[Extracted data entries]
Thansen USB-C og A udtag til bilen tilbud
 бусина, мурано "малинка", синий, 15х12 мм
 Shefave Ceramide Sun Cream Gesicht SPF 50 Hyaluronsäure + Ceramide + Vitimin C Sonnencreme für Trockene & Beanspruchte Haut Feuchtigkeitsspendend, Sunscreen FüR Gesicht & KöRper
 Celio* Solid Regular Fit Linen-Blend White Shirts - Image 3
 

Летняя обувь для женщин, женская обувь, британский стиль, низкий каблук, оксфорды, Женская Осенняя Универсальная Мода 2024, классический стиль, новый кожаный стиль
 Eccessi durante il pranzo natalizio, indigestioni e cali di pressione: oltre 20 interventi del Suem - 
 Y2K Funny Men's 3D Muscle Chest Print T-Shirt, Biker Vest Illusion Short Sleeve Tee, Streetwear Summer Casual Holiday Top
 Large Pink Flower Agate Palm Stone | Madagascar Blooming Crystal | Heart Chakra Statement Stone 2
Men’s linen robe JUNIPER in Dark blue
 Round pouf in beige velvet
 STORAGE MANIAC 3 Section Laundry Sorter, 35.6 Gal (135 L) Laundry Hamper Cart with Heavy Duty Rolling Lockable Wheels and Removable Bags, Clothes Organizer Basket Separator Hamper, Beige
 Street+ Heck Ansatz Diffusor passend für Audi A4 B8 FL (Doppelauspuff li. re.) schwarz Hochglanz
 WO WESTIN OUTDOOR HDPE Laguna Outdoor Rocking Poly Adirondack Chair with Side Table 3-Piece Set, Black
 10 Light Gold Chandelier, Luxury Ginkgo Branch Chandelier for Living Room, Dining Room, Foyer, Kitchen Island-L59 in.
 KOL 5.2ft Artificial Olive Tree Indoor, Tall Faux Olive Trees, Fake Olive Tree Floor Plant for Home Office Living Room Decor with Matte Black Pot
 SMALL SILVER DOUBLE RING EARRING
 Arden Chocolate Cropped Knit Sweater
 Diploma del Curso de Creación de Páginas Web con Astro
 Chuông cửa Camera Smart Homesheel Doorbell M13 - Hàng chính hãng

- REQUIRED ACTION:
Lines from the one holding "Street+ Heck Ansatz" to the last line of the records: return these exactly, and only these.

- SOLUTION:
 Street+ Heck Ansatz Diffusor passend für Audi A4 B8 FL (Doppelauspuff li. re.) schwarz Hochglanz
 WO WESTIN OUTDOOR HDPE Laguna Outdoor Rocking Poly Adirondack Chair with Side Table 3-Piece Set, Black
 10 Light Gold Chandelier, Luxury Ginkgo Branch Chandelier for Living Room, Dining Room, Foyer, Kitchen Island-L59 in.
 KOL 5.2ft Artificial Olive Tree Indoor, Tall Faux Olive Trees, Fake Olive Tree Floor Plant for Home Office Living Room Decor with Matte Black Pot
 SMALL SILVER DOUBLE RING EARRING
 Arden Chocolate Cropped Knit Sweater
 Diploma del Curso de Creación de Páginas Web con Astro
 Chuông cửa Camera Smart Homesheel Doorbell M13 - Hàng chính hãng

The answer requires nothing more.